Reason before emotion: Obama vs. Romney


This was billed as an emotion-free evening. The audience had been told not to emote, to maintain silence. This it did, apart from occasional laughter.

This was an opportunity to display one’s power of reasoning; a time for the candidates to present their ‘plans’ to the American people. There was even discussion of a plan by which Americans can enact their constitutional right to pursue happiness. They’ve got plans for everything.

Your plans, however, are what you tell God when you want to make him laugh (this is very old humour). Events, accidents and serendipity—i.e., other people—tend to get in the way. So what is the point of this?

And yet, emotion is always there, beneath the surface in the form of voice inflexion, facial expression and body posture. It is these we judge.

Obama seemed a little weary, his appetite jaded; almost as if he wasn’t sure he wanted another four years as president. When you’re used to stage-managed adoration, it must be difficult to come down to earth for occasions such as this. I think he under-estimated Romney.

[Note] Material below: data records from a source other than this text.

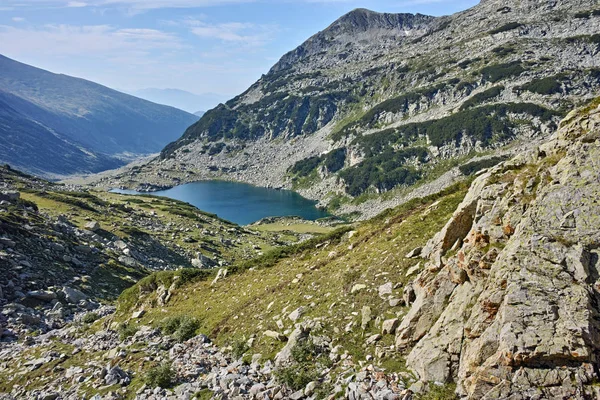 Paisagem incrível com colinas verdes e lago Mitrovo, Pirin Mountain — Fotografia de Stock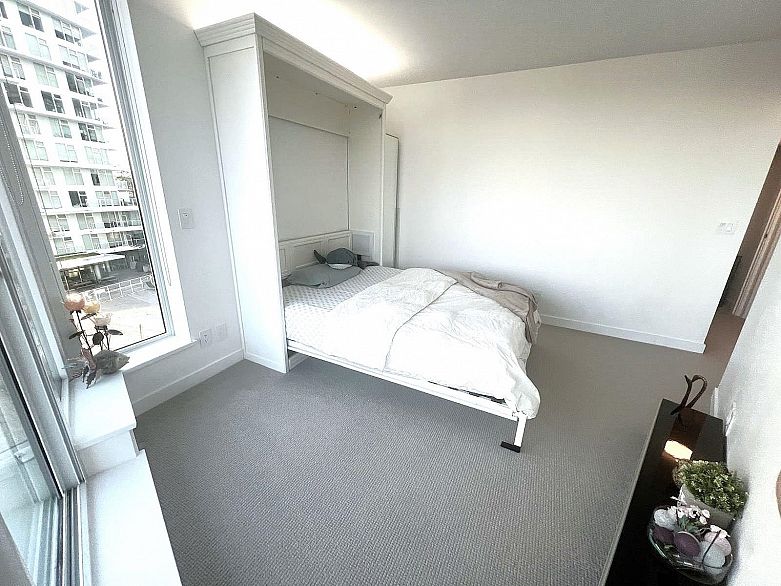 809 4638 Gladstone Street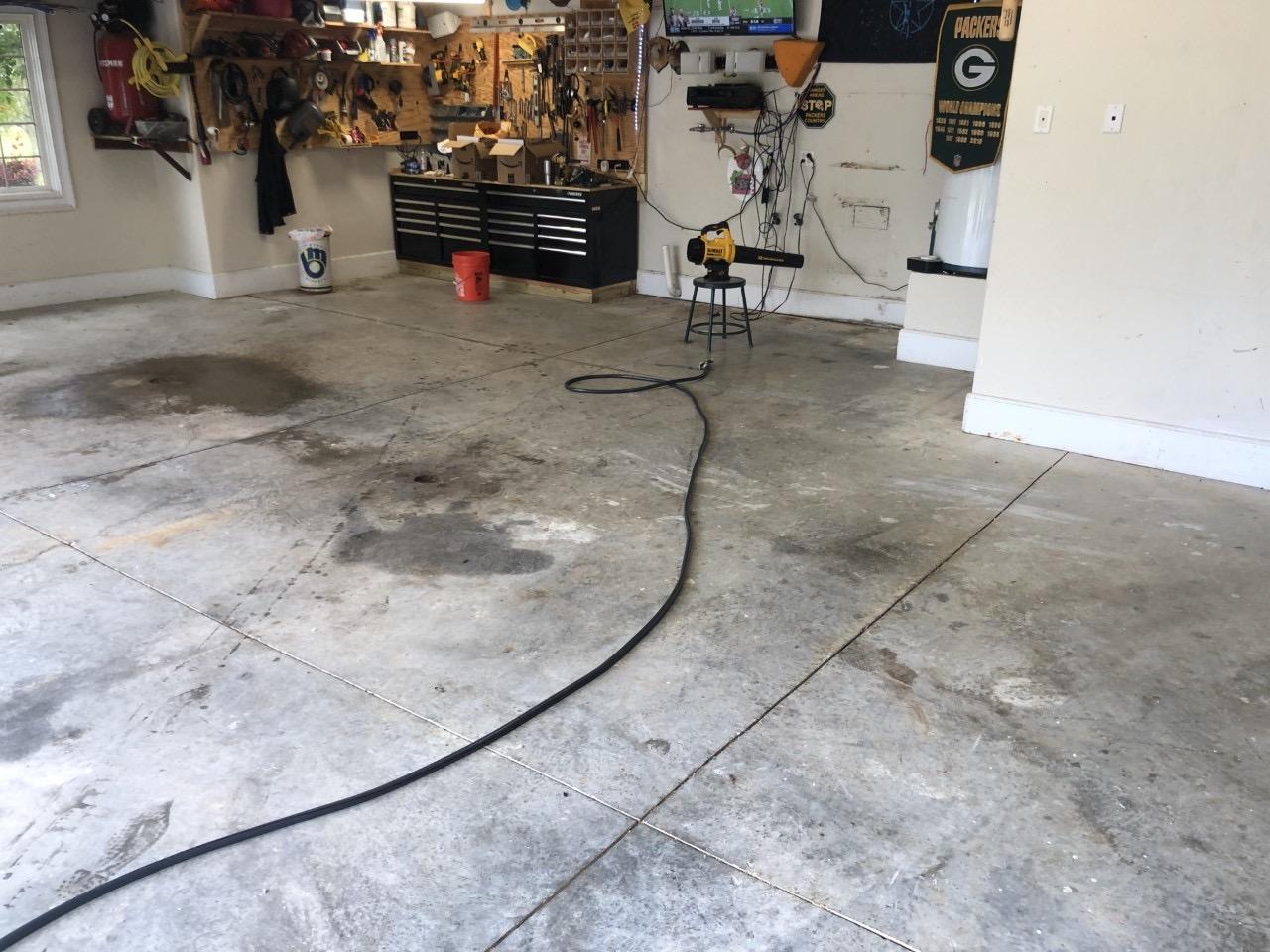 Rust-Oleum 261845 EPOXYSHIELD Garage Floor Coating Kit, 2.5 Car, Gloss Gray customer photo 2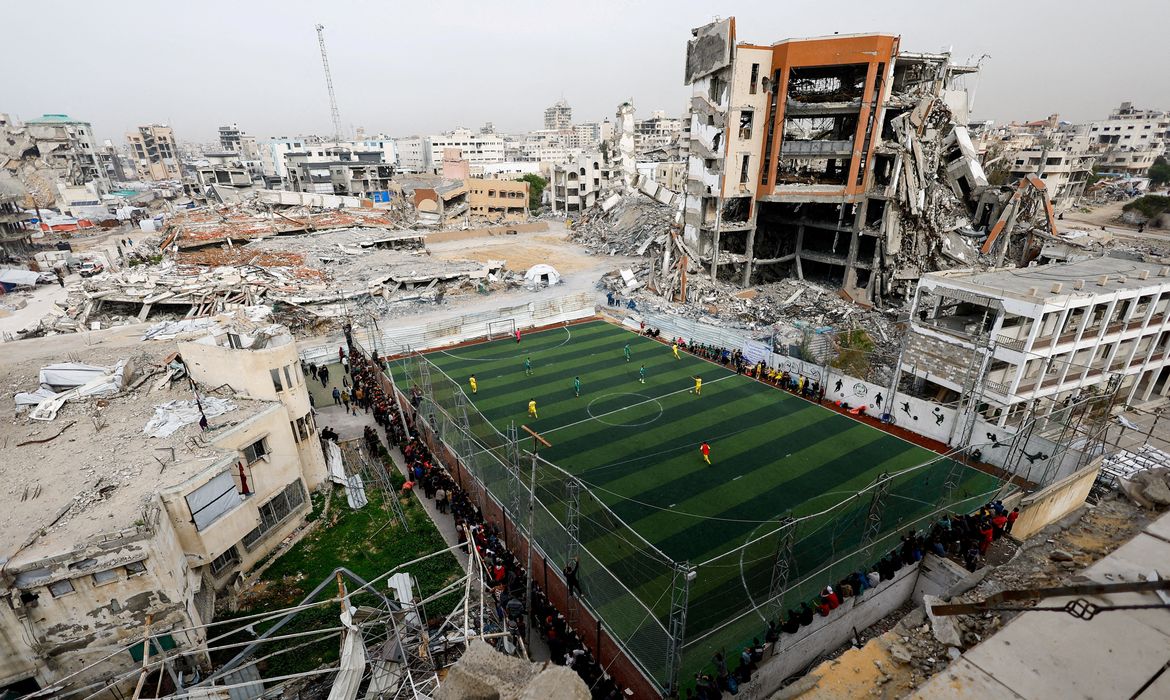 Futebol volta a campo de Gaza, em meio a perdas e ruínas da guerra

He could not resist milking the occasion of his wedding anniversary (‘Sweetie, Happy Anniversary’). Nor could he resist the almost obligatory flattery towards the American people, especially in his concluding remarks. When there is no audience feedback, these rhetorical devices do not work and they gave the impression of being contrived (which they are). But Obama is clearly an intelligent and decent man and he performed well—but not well-enough, I suspect.

Romney was a revelation, in that he wasn’t as bad as we expected him to be. In fact, he was good. He came across like a young Ronald Reagan. The same earnest, but polite, insistent enthusiasm. He was chomping on the bit. He wants to be president, whereas it’s not clear if Obama still does.

When they had finished with reason, emotion joined them on stage in the form of Mrs Romney and Mrs Obama and the evening was declared a success.